A founder who recognizes all the capital embodied in the business and the family (human, enterprise and financial) and hopes to leave a system that can sustain and grow that capital will conclude that succession planning as it is typically thought of leaves too much of the real work of succession to those who will follow.
Expanding the team
The key to enhancing the successful transition of any family enterprise is vision and preparation, and the odds can be improved significantly by expanding the advisory team to include specialists in family relations and governance. This requires a deep commitment to creating an atmosphere of trust in which both the family and the advisor team understand the value of collaboration.
All too often, though, collaborative endeavors fail to take root in the estate planning process. Our hunch is that families don’t think about expanding the advisor team mainly because of cost and also because they have rarely seen it utilized or offered as a comprehensive service. While families are used to paying for advice, they are not used to having succession and estate plans reviewed by different professionals who might have different values, skills and perspectives to add to the planning process. So, education about this is key, and not just for families: educating both the family and the advisors right from the inception of an engagement about the need and value of professional collaboration is an important process (and a challenging endeavor) in itself and will hopefully steer the professionals away from their natural tendency of working alone with clients. Surgeons don’t operate alone. Pilots don’t navigate their aircraft in a vacuum. Those professionals that service families in respect to their business planning need not only to recognize but also adhere to a higher level of collaboration despite the many frustrations that can easily emerge among different service industries.
When a business is run by a founder, decision-making operates like a hub and spoke – with the founder in the center of the action. The system is simple: all questions gravitate to and emanate from the center. But estate planning, especially wealth transfer planning with family owned enterprises, invariably builds a new system with multiple decision-makers. Once the plan takes effect, the founder will no longer be in the center; other decision-makers will emerge. The board of directors (if there is one) will need to take a new look at finances and strategy. Trustees, suddenly born out of the estate tax planning process and having their own set of fiduciary priorities, are thrust into a family’s business ecosystem, all too often without proper training or education. Management will need to adjust to a new leader and new priorities. Family members will be in entirely new roles – one may step up to the CEO position, others may join the board, serve as trustees, or even be beneficiaries of new trusts which own illiquid non-voting business interests. As they take these roles, they will need to ask questions, learn new skills and develop very different ways of relating to each other.
The challenge for business-owning families is that estate planning documents that are fundamentally tax-driven don’t begin to address the new complexity of the family business system. Founders and their family members need help understanding the new roles that the documents will create. They also need help designing and implementing the new decision-making systems that family, board and management will need to steward the business after the founder is gone.
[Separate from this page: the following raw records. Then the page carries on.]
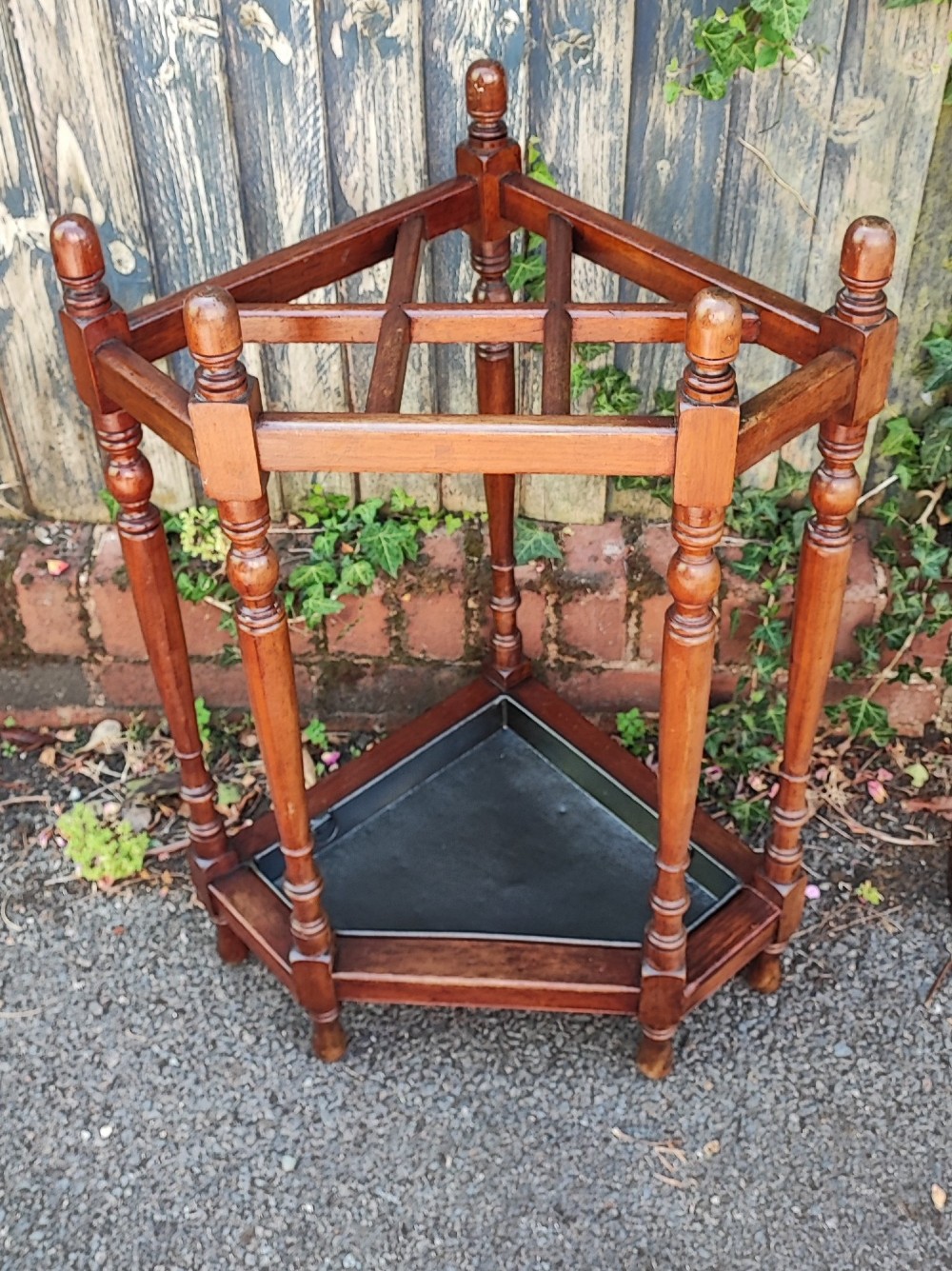 A Victorian mahogany triangular corner umbrella stand featuring turned posts, decorative finials, a compartmentalised top frame, and a dark metal drip tray base. View V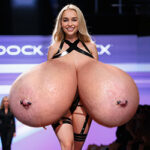 Em.Cl. exposing her giant tits on the runway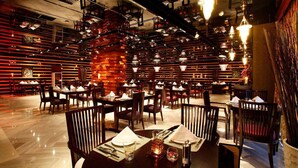 A restaurant with multiple dining tables and chairs, wooden panel walls, and hanging light fixtures.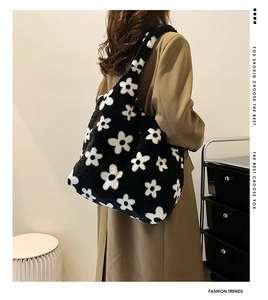 Close-up of plush faux fur tote bag with black and white floral pattern texture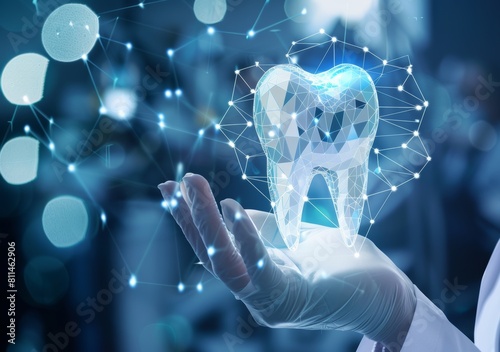 Dental doctor holding a tooth hologram in their hand with a digital line connection in a blue colored background, a professional medical concept of dental treatment.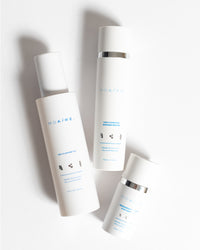 3-Step Glow Trio products arranged on white surface with soft shadows in gallery position 1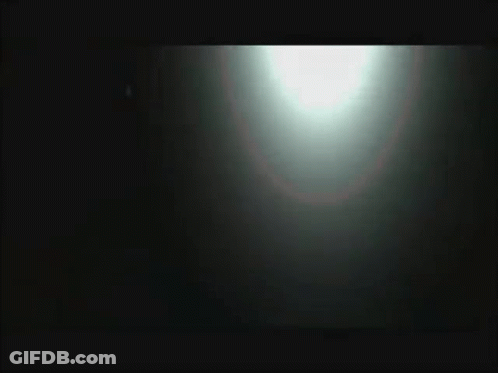 Blurred Person Standing In Front Of Car GIF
The following examples point out just a few of the decision-making challenges that can arise from estate planning transactions:
- Who’s the Leader? Most estate plans sprinkle ownership among a group of diverse family members, oftentimes in trust. As a result, ownership power that was originally held by a single individual (the founder) may now be held by a group of individuals and entities. Questions will naturally arise: What powers will the owners (or trustees) exercise? If the new CEO is a family member, will he assume he’s stepping into the shoes of the founder and has all the same powers that the founder had? At the same time, will the non-managing owners and directors feel that they instead should hold much of the power that the founder held? Who’s right? The estate planning documents typically won’t resolve this issue. However, a business advisor, who understands enterprise governance and collaborates in the estate planning process, can add immense value to help clarify and articulate a new balance of power.
- That’s Not Fair! Often, the demise of the founder creates a power vacuum that stokes discontent and animosity among family members. The estate plan may spell out who gets what, but it rarely explains why. Parents assume their motives are transparent and that their children will understand that they acted out of love, but children don’t always see it that way. An advisor who specializes in family dynamics and relationships can help the founder and spouse clarify their intentions before beginning the estate planning process, and can also help family members sort through the emotions and work together constructively after the founder’s passing. Creating a forum for family members to come together – a family assembly – can provide a place for family discussions that might otherwise flare up in the office.
- Outside, Looking In: When the family business is transferred in trust, the biggest challenge for the next generation of owners is that the trust distances the beneficiaries from the business. This alienation can be unintentionally enhanced by choosing the wrong trustee.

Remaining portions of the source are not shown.